One House Democratic leadership aide said the two magazine polls “are a cause for some concern.”
Another House aide added that “the media saturation of the bounce Bush got out of this convention and all the negativity that apparently resonates with the American public [has created] some concerns among members of the Democratic Caucus.”
Elmendorf insisted that the meetings had long been planned and were not in reaction to whispers that recent polls and personnel changes in the campaign reflected a lack of direction.
“Congress is returning, and that’s when a lot of people renew their focus on the race,” Elmendorf explained.
That said, Elmendorf acknowledged that the campaign “reads the newspapers” and is aware of the current mood in the party.
In a call with campaign surrogates Tuesday, which was led by Kerry Congressional liaisons David Castignetti and Broderick Johnson, several Members expressed annoyance at their colleagues’ willingness to publicly question Kerry’s decision-making, especially in regard to the attacks on his military record by the Swift Boat Veterans for Truth.
“Our hope is by talking to the broader group we will get that message out,” Elmendorf said.
A Democratic leadership aide said that after a decade as the minority party in the House, Members “generally understand that if we want to win we have to be on message and support our nominee.”
Even so, a number of operatives said they anticipated widespread questioning of the campaign’s tactics at the Caucus meetings today.
DCCC Chairman Robert Matsui (Calif.) offered a preview of those criticisms Tuesday, arguing that “there is no question looking back on it if our candidate had spoken out more forcefully on this it might have been helpful.”
Kerry largely ignored the Swift boat charges that he did not merit commendations received for his service in Vietnam until it became clear that these insinuations were damaging his credentials as a decorated veteran.
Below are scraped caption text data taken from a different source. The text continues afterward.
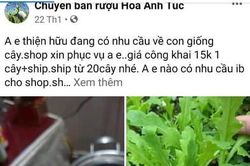 Rao bán công khai giống cây thuốc phiện
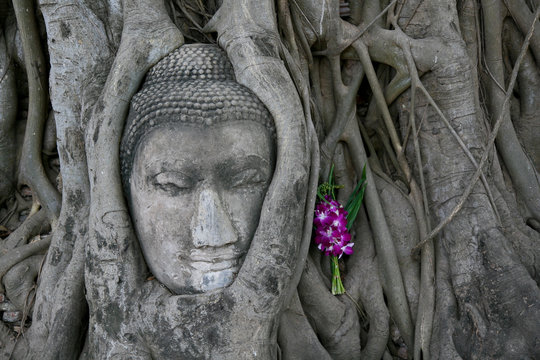 Buddha Head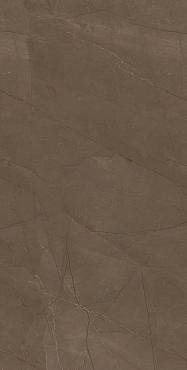Плитка Pulpis Brown W M 31x61 NR Glossy 1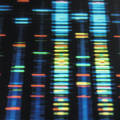 What are some of the controversial topics in biotechnology?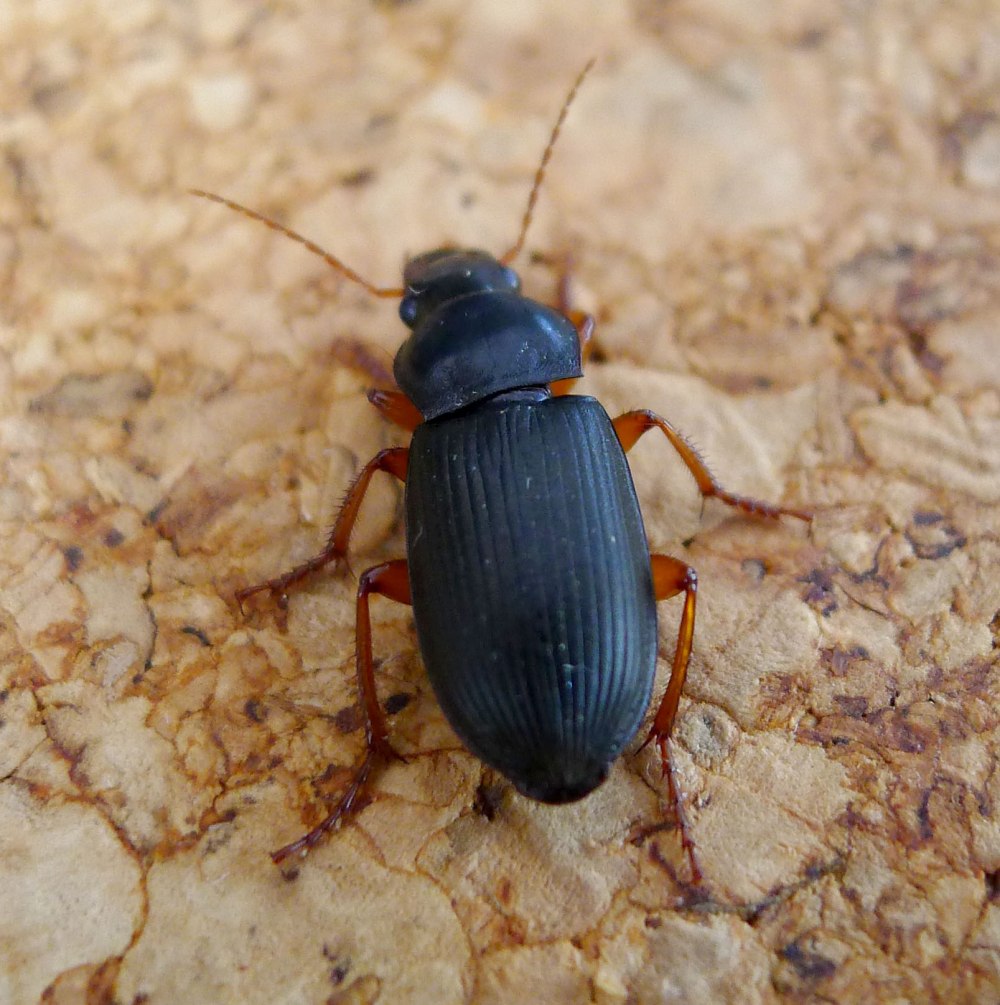 Жужелица Harpalus rufipes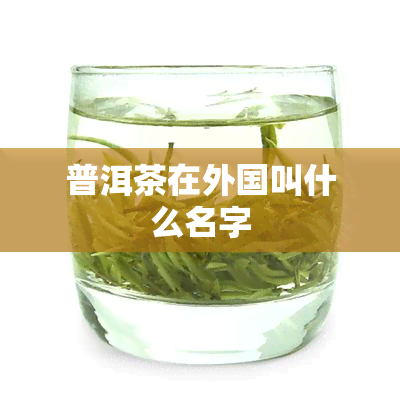 普洱茶在外国叫什么名字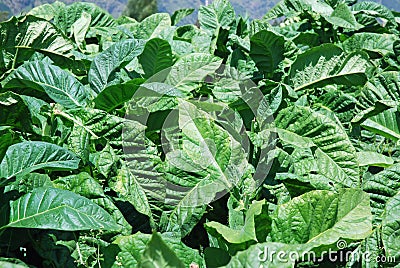 Tobacco plants with large green leaves Stock Photo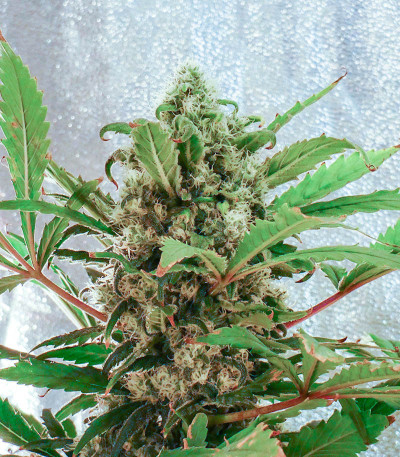 Kalashnikov Original fem (Kalashnikov Seeds) семена конопли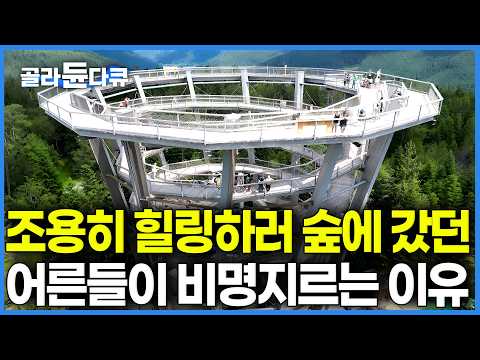 평화롭게 산책하러 왔다가 40m 허공에서 영혼 탈탈 털려 내려가는 곳. 나무 전망대에서 비료푸대 깔고 냅다 꽂히는 독일인들의 아찔한 미끄럼틀｜세계테마기행 ｜#골라듄다큐 thumbnail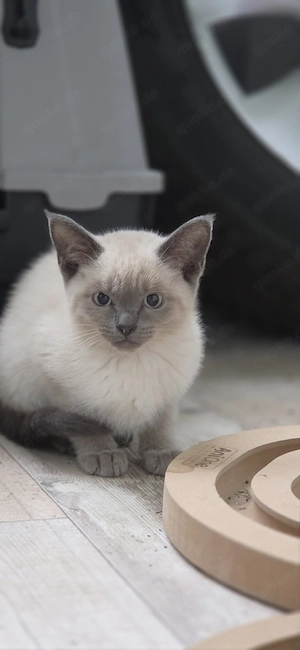 Birma BKH kitten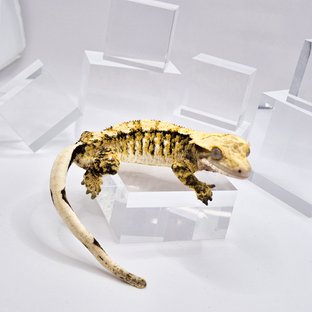 100%헷초초 트라이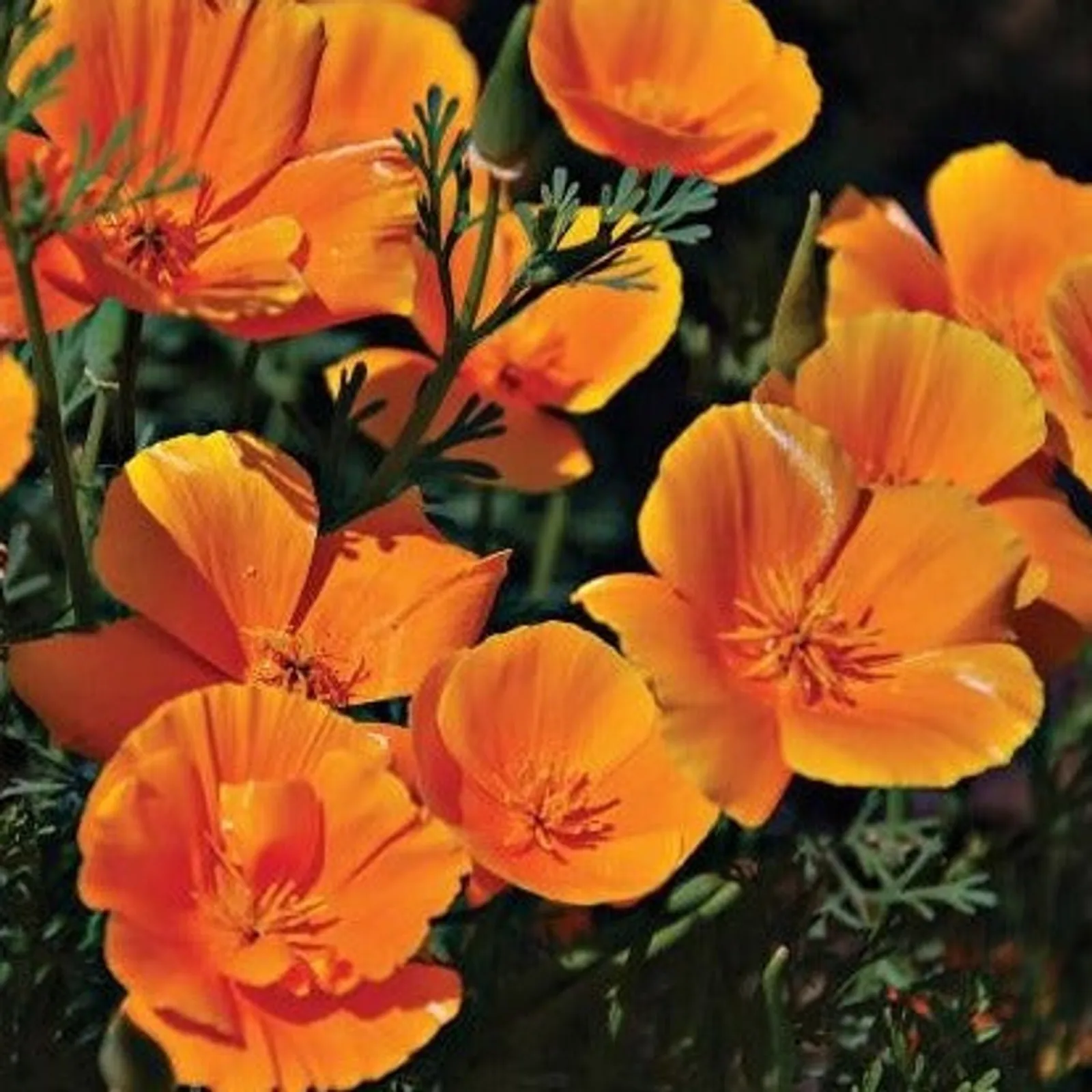 Common California Poppy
The response, when it came, was viewed as too little, too late by a number of strategists both inside and outside the campaign.
Seemingly as a result of that tumult, Kerry turned to a number of experienced operatives to reinvigorate the campaign including former Clinton aides Joe Lockhart, Joel Johnson and Doug Sosnik, as well as longtime party strategists John Sasso and Michael Whouley.
Kerry’s camp insisted that these changes reflect an effort to beef up their ranks in the campaign’s final two months, not a dissatisfaction with the current team.
Although there is some level of disappointment with the current state of play on the presidential level, several Members insisted their colleagues expected that Bush would receive a bounce from his convention and are not panicked over recent polls.
“The bounce is temporary,” said Matsui. “In another two weeks we will be in a dead heat again.”
He did add, however, that the three weeks between the two conventions hurt Kerry and “looking back we probably made a mistake [by giving] Republicans an opportunity to attack without having to reveal their hand.”
Rep. Rahm Emanuel (D-Ill.), a former senior aide to Clinton, expressed little concern about the presidential landscape.
“The media has written a story that is 96 hours behind the curve,” Emanuel said. The Kerry campaign “has turned the corner both staffing-wise and message-wise.”